- **Work order**
Beginning with the line that holds "Community members collecting", output every remaining line of the material below exactly, and include none of the pictures.

- **Dataset extract**
════════════════════

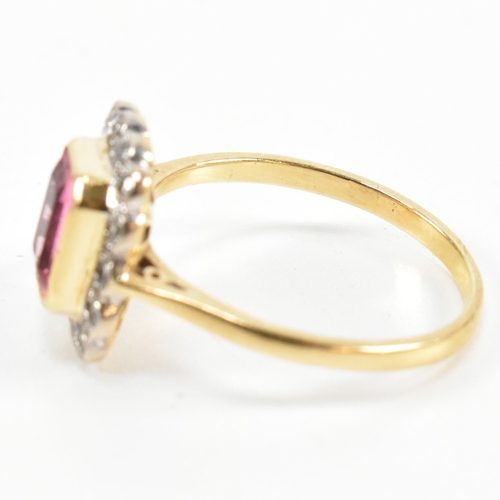 23 - A hallmarked 18ct gold pink tourmaline and diamond halo ring. The ring set with a central emerald cu... 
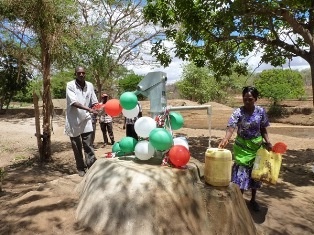 Community members collecting water for the ceremony
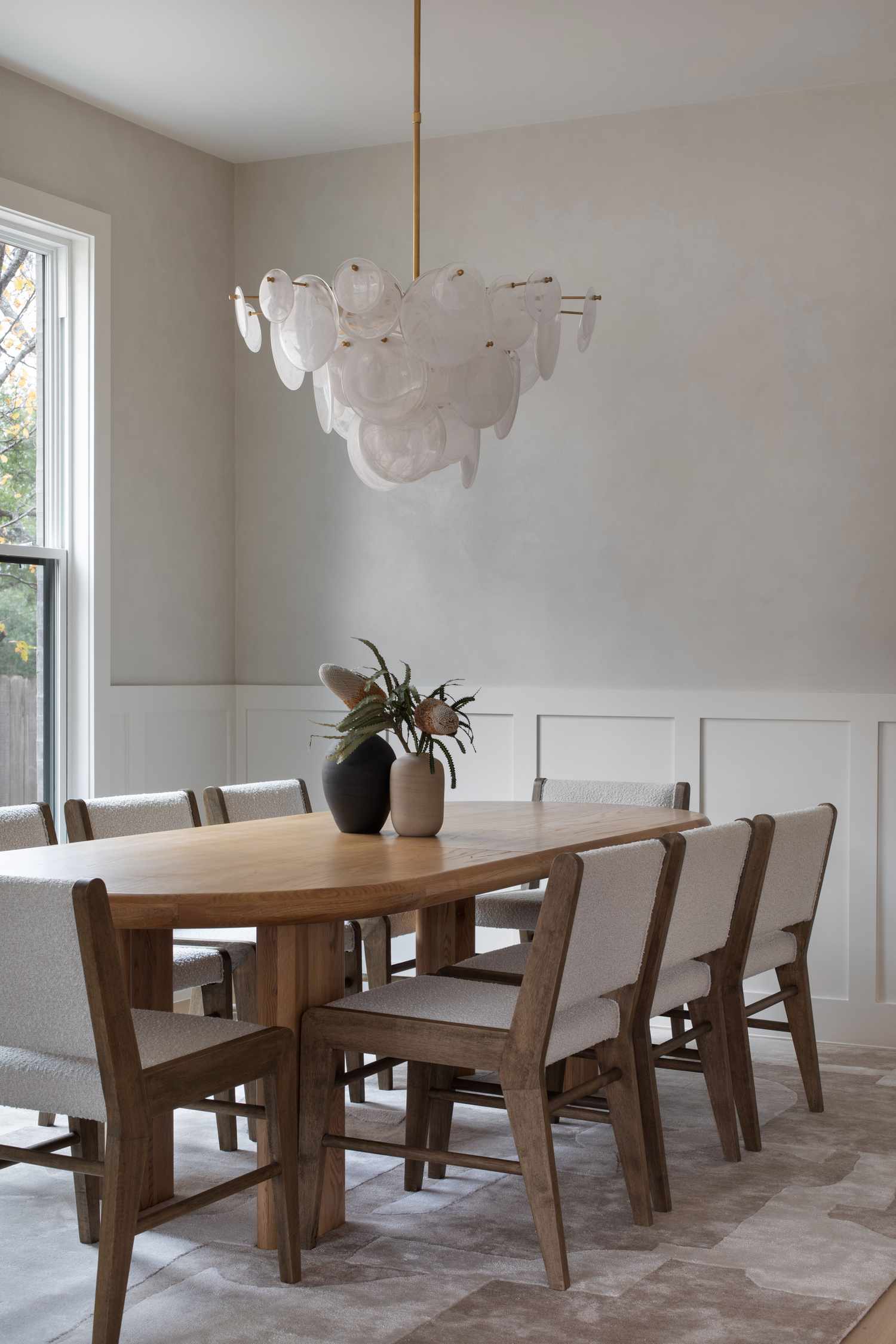 A dining room featuring a wooden table chairs a modern chandelier and decorative vases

════════════════════

- **Exercise response**
 Community members collecting water for the ceremony
 A dining room featuring a wooden table chairs a modern chandelier and decorative vases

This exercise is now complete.